Véra Nikolski : Il est possible de porter des jugements de valeur différents sur cette homogénéisation des statuts – on peut y voir un progrès ou une régression –, c’est au fond une question politique. Ce que je reproche en revanche à ces travaux, c’est une certaine distorsion des faits, due en particulier à l’idéalisation du passé.
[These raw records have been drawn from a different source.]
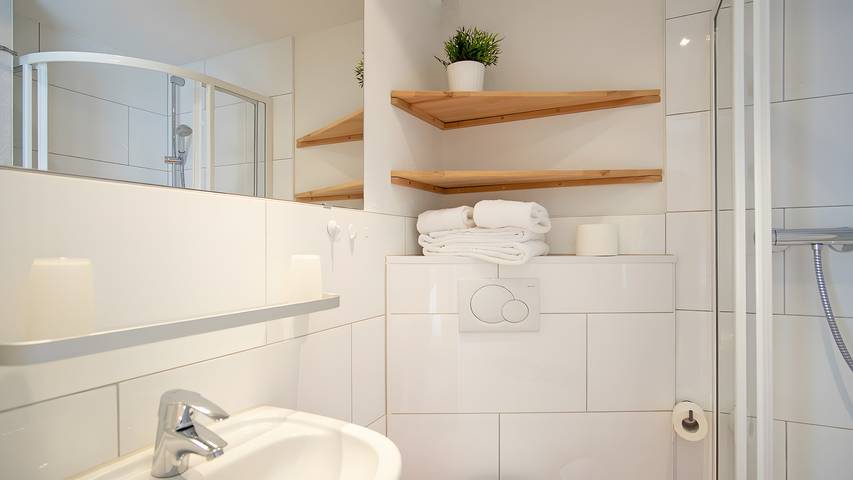 Ferienwohnung für 2 Personen, mit Balkon und Garten in Todtnau - 4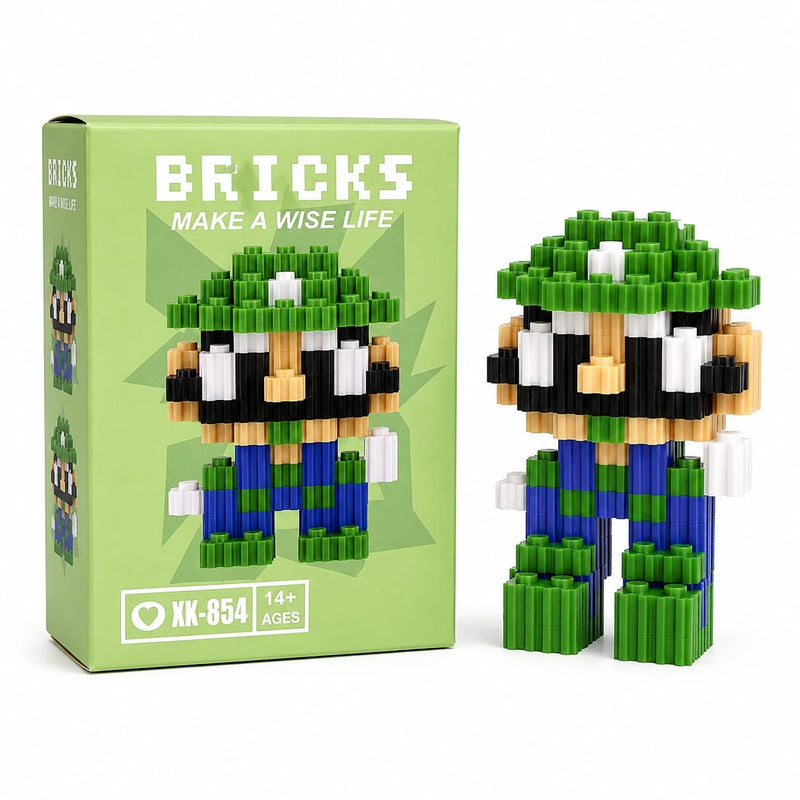 Cute Lego Blocks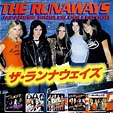 The Runaways – Japanese Singles Collection CD, Compilation – Freeson Rock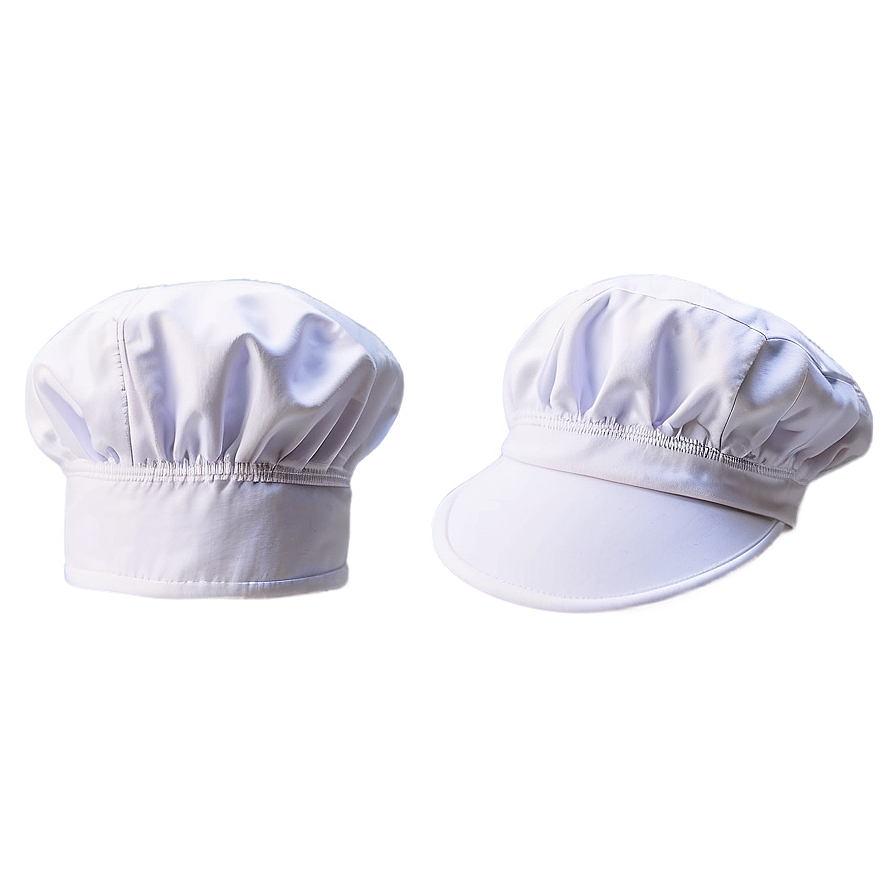 Download Classic White Chef Hat Png 8 | Wallpapers.com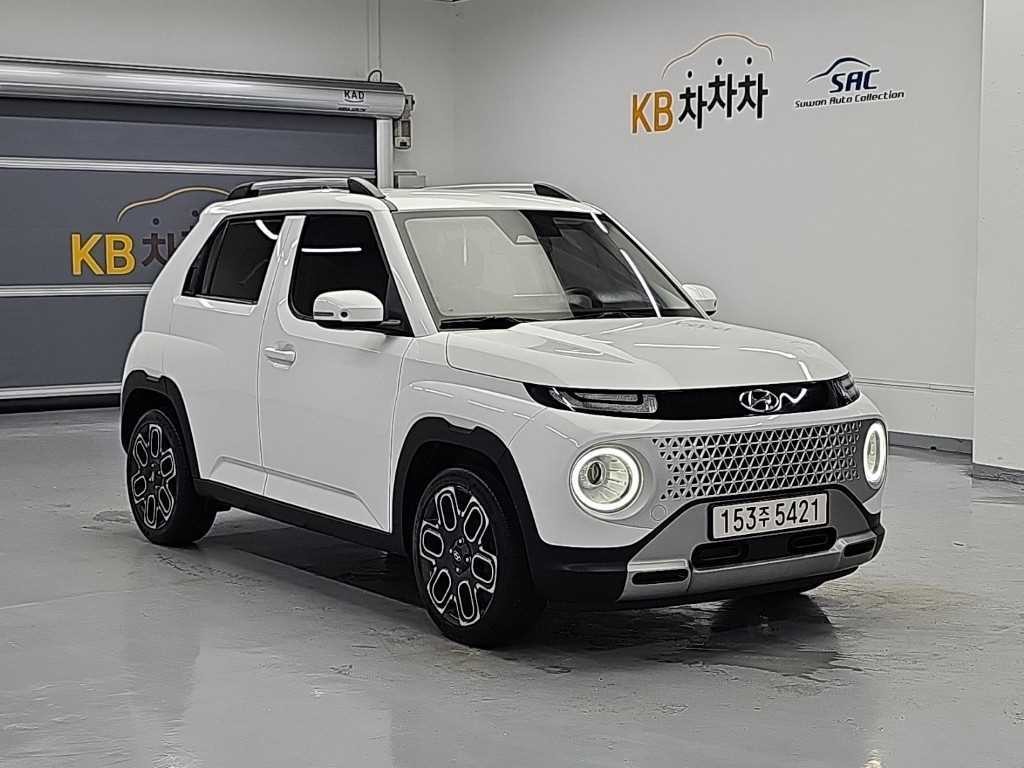 현대 캐스퍼 1.0 가솔린 인스퍼레이션 이미지 4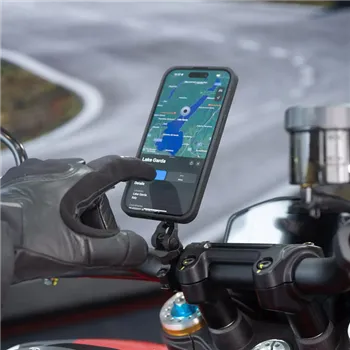cafe 4 racer - SP Connect, Moto Mount 3D. SPC+. Black - SP Connect Cell Phone accessories 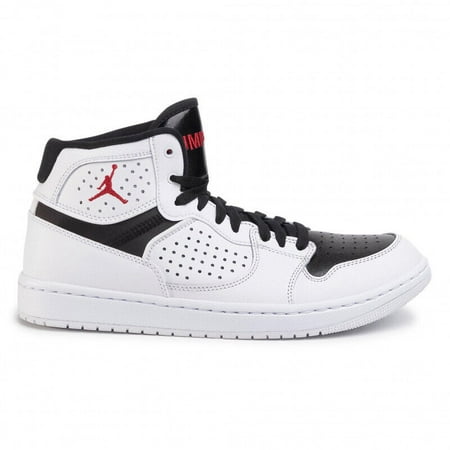 

Air Jordan Access AR3762-101 Men s White/Gym Red/Black Running Shoes TV571 (9.5)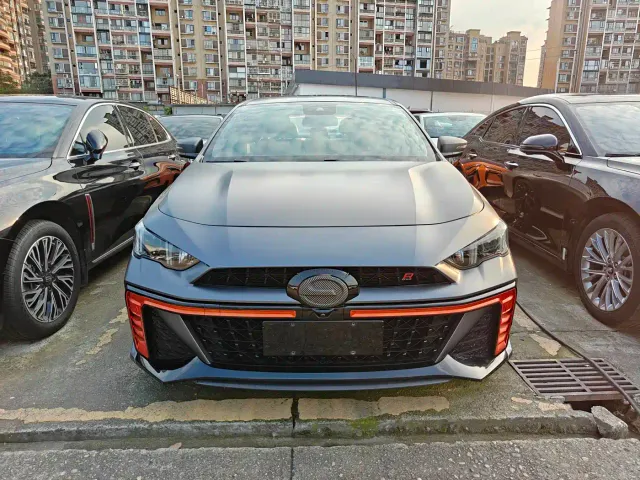GAC Trumpchi Emkoo — Фото автомобиля 2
Prenons l’exemple de la médecine, notamment de la gynécologie, souvent mise en avant comme un savoir dont, à l’entrée de la modernité, les femmes auraient été dépossédées par les hommes, arrivés avec leurs spatules, leur péridurale et leur épisiotomie, pour imposer une science médicale bien plus agressive que le savoir naturel féminin. À mes yeux, dans ce genre de raisonnement, il y a un mélange de vrai et de faux.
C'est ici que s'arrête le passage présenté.